Mientras unos le rinden culto, otros lo evitan
Nuestra relación con el pan ha sufrido en los últimos cincuenta años algunos bandazos. Su presencia en las mesas era antes incuestionable. Diversos rituales cotidianos le daban un valor casi religioso: antes de cortar un pan se lo señalaba con un signo de la cruz, y cuando caía al suelo un trozo de pan se besaba. Pasó luego a ser denostado, para atribuirle —de forma injusta— una contribución a la obesidad.
En los últimos años ha recuperado cierta fama. Han proliferado las panaderías y las variedades de pan, destacándose su valor gastronómico. Y el uso de trigos primitivos como el kamut o la espelta y otros cereales no habituales lo han convertido en emblema de producto genuino no ultraprocesado, y ligado a la alimentación «natural y saludable». Sin embargo, la demonización de las harinas refinadas y la intolerancia al gluten han generado rechazo entre determinados consumidores —aún los no intolerantes.

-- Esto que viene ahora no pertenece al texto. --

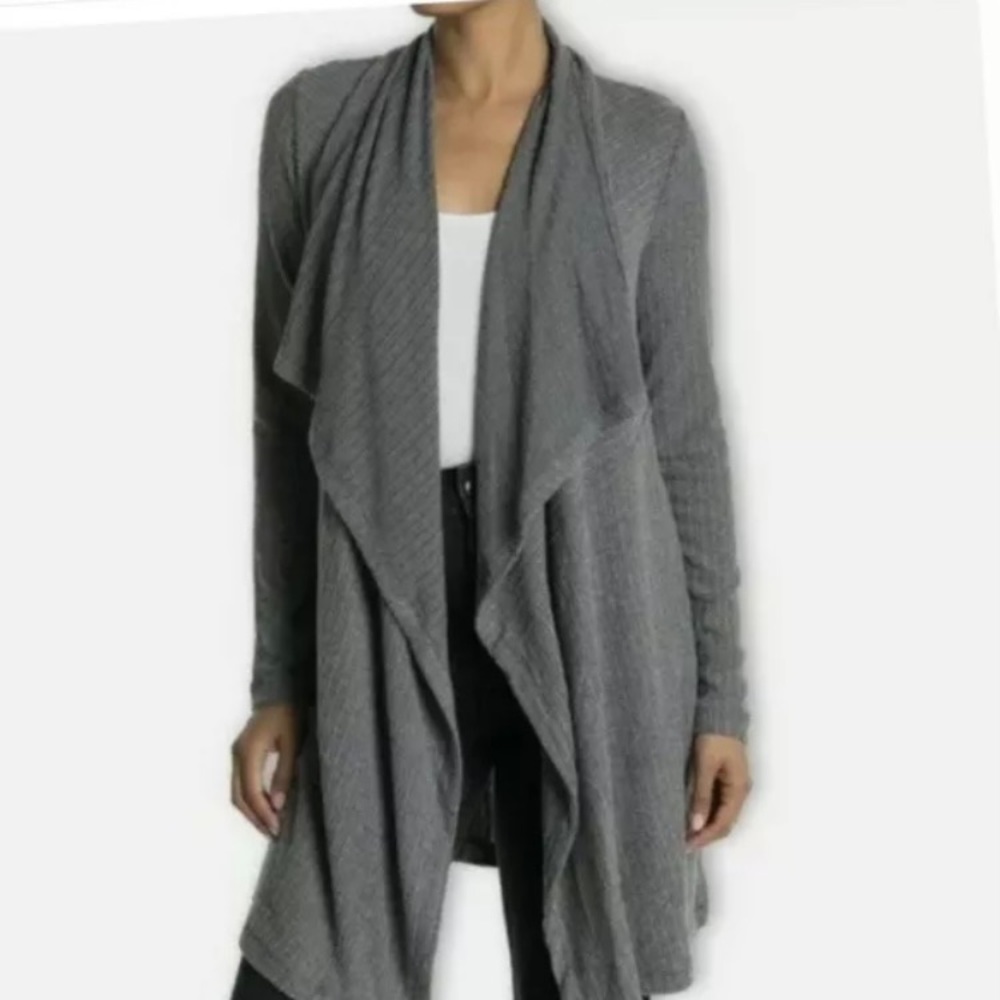 H By Bordeaux Grey Mix Rib Cozy waterfall Cardigan Long Sleeves Open front  S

Se denomina pan a preparaciones muy variadas, que difieren no solo por la composición sino también por la forma y la textura. La distinción fundamental es entre panes simplemente cocidos y panes fermentados.

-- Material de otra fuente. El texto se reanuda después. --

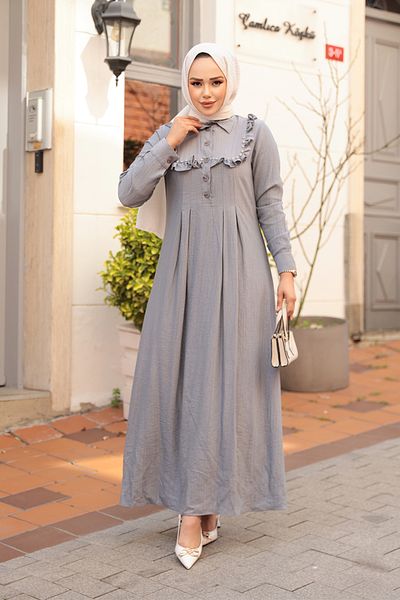 N.S NEVA STYLE Button Detailed Gray Hijab Dress 7224Gr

Los panes cocidos tienen como ingrediente básico un cereal (trigo, maíz, arroz) u otro producto que pueda molerse (trigo sarraceno), que se mezcla con agua y se cuece. El elemento calorífico puede ser simplemente una piedra calentada al fuego, un horno, o una sartén o cacerola. El resultado es una oblea que puede comerse sola, como envoltorio de otros alimentos (tacos mexicanos) o como acompañante de otros platos. Obleas de este tipo, denominadas galletas, eran muy apreciadas por su larga conservación y acarreadas en los buques pesqueros o de transporte desde tiempos remotos.

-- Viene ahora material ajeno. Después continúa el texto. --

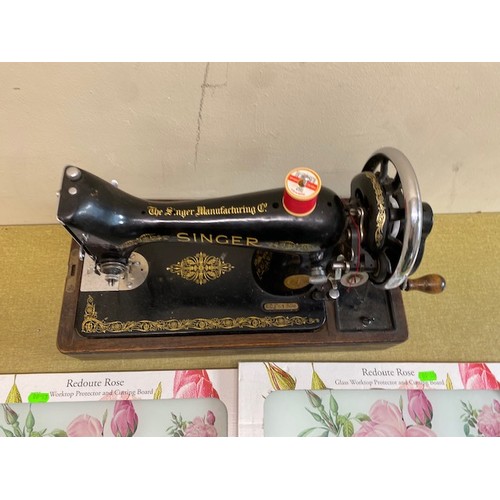 356 - Singer Sewing Machine and two cutting mats - Section S3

En los panes obtenidos por fermentación (que ya se elaboraban en Egipto hace unos 14.000 años), el factor determinante son las levaduras, que operan a modo de leudante: descomponen parte de los hidratos de carbono de la masa y generan dióxido de carbono, que, al ser retenido, aumenta el volumen de la misma. Básicamente, hay dos tipos de leudantes: los químicos y los biológicos.